Google Maps Adds New Features and The Police May Not be Happy
Google Maps has recently added another feature that will make it easier for motorists and drivers to report any incidents on the road, such as roadblocks and hazards, accidents, and even police speed traps--something that has been made popular by Google-owned Waze app.
According to a post by Google, the tool will "reflect real-time contributions," meaning if someone has made a report, it will appear on Maps immediately.
Reporting speed traps, crashes, and traffic slowdowns are already available on Android devices, but it's now expanding to iOS, as well.
Additionally, Google Maps will also allow its users to report new incidents: objects blocking the road such as massive debris, ongoing construction, disabled vehicles, and lane closures. This feature is now available on both Android and iOS devices.

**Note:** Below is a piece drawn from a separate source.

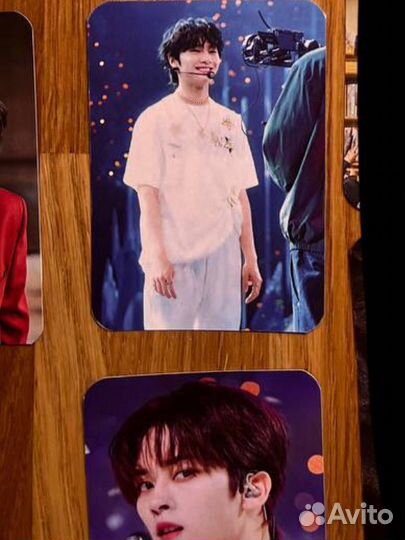 Карточки из Chicko Чико из аниме 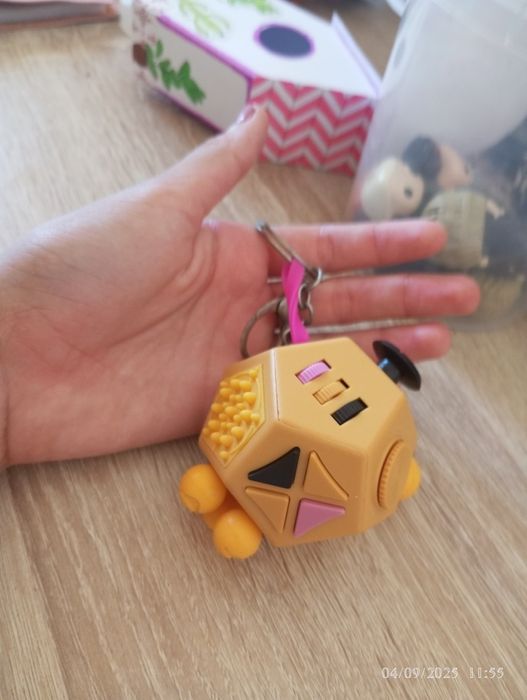 Várias coisas de Kinder e outros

If you wish to report anything, you only need to tap the + sign and then click on "Add a report," but ensure that your Google Maps app is updated to version 5.29 or later for iOS and version 10.27.2 or later for Android.
Apple has its own Apple Maps, which is installed on every iOS device; however, even the company admitted that their Map's features are bad, and they even encouraged people to use Google Maps instead, according to Inc.
But Apple will also have its own major update on its Maps application, which could change the game for them.
Although this can potentially help drivers find the best, safest, and fastest route from point A to point B, not everyone is happy, particularly the police who believe "terrorists, organized crime groups, and gangs will find this a valuable tool to further their illegal activities."
It means that these people could use the alerts on their Google Maps to avoid police checkpoints, or anywhere the police is setting up and get away faster from the authorities.
The police, specifically the Los Angeles Police Department or LAPD and the National Sheriffs' Association has previously released the statement in 2015.
Earlier this year, New York Police Department or NYPD has also already asked Waze to drop a particular feature via a letter sent to Google, stating that they have become aware of the app's ability to allow the public to report DWI checkpoints.
"We demand that Google LLC, upon receipt of this letter, immediately remove this function from the Waze application," wrote Ann Prunty, Acting Deputy Commissioner for Legal Matters of the NYPD.
This is not the first time Google has added this kind of safety feature for the app, as it has previously made it easier for visually-impaired people to cross the street with their voice navigation feature that tells them they are on the right path, how far the next turn is, and warning them of any blocks or hazards on the road.
The feature should also automatically point them back in the right direction if they had to make a stop.
However, this voice feature is only available in English in the US as well as Japanese in Japan, according to a report by The Verge.